Uit: Ravage #260 van 29 mei 1998

MAI onder de grond?

Onderhandelingen opgeschort

De OESO ministers van de rijkste industrielanden hebben eind april in Parijs besloten de onderhandelingen over het Multilateraal Akkoord inzake Investeringen (MAI) zes maanden op te schorten. Het is voor de tegenstanders echter veel te vroeg om te juichen, want in de tussenliggende periode zullen de MAI pleitbezorgers niet stil blijven zitten.

Wat is er nou precies besloten over het MAI tijdens de ministersconferentie van de OESO de club van 29 van de rijkste industrielanden ter wereld - dat op 27-28 april in Parijs plaatsvond?

Van tevoren was het duidelijk dat de onderhandelingen rond het Multilateraal Akkoord inzake Investeringen (MAI) een omstreden voorstel voor het wereldwijd dereguleren en gelijkschakelen van wetgeving rond buitenlandse investeringen in een diepe crisis verkeerden.

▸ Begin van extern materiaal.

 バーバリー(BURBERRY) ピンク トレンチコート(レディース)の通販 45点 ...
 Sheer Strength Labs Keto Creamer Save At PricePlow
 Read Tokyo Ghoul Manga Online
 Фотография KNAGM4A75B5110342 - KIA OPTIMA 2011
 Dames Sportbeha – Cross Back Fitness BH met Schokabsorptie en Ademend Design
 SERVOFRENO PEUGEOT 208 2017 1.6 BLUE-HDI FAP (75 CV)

De regeringen van Canada, Frankrijk en Nieuw Zeeland hadden duidelijk gemaakt dat ze niets wilden ondertekenen en waren eigenlijk niet meer geïnteresseerd in een investeringsverdrag binnen de OESO. De belangrijkste oorzaak: de omvang van het maatschappelijk verzet tegen het MAI in deze landen.

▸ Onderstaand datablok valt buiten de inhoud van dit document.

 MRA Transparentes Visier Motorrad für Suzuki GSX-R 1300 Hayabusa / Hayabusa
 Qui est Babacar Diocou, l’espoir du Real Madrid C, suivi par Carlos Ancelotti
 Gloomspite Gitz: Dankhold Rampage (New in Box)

Ook de regering van de VS had duidelijk geen zin in een snelle afronding van de onderhandelingen, omdat president Clinton op dit moment enorme moeite zou hebben om een controversieel verdrag als het MAI door het Congres te loodsen. De Europese Unie daarentegen, met de regeringen van Nederland, Duitsland en Engeland als de meest fanatieke voortrekkers, bleef tot op het laatste moment ijveren voor de ondertekening van het MAI of delen daarvan. Uitstel zou volgens de EU gezien worden als een overwinning voor de tegenstanders van het MAI.

Opschorting

Die tegenstanders waren zeer zichtbaar aanwezig op de laatste dag van de OESO ministersconferentie in Parijs. Meer dan vijfhonderd mensen namen deel aan een vrolijke en kleurrijke anti MAI demonstratie in het park rond het kasteeltje waarin de OESO gevestigd is, wat bij EU Commissaris Sir Leon Brittan een woede aanval veroorzaakte. Hoe kon de politie toestaan dat de demonstranten zo dicht bij het OESO kasteel demonstreerden, vroeg Brittan zich af. De EU commissaris, een echte hardliner als het gaat om mondiale 'vrijhandel', was sowieso weinig geamuseerd over de ontwikkelingen rond het MAI.

De OESO ministers, waaronder staatssecretaris Van Dok, besloten in Parijs de onderhandelingen zes maanden op te schorten. Het is echter veel te vroeg om te juichen, want in de tussenliggende periode zullen de MAI voorstanders niet stil zitten. Enerzijds zal gewerkt worden aan het oplossen van de onderlinge conflicten tussen de OESO landen. Een voorbeeld is het conflict tussen de VS en de EU over zogenaamde 'extraterritoriale investeringsboycotten' zoals de Helms Burton wet van de VS, bedoeld om investeringen in Cuba tegen te houden.

Door alleen bilateraal te onderhandelen krijgt men een adempauze en wordt het ook veel moeilijker voor maatschappelijke groeperingen om het onderhandelingsproces te volgen. Er bestaat een groot risico dat de OESO landen door 'ondergronds' door te onderhandelen over zes maanden plotseling met een nieuw compromisvoorstel te voorschijn kunnen komen.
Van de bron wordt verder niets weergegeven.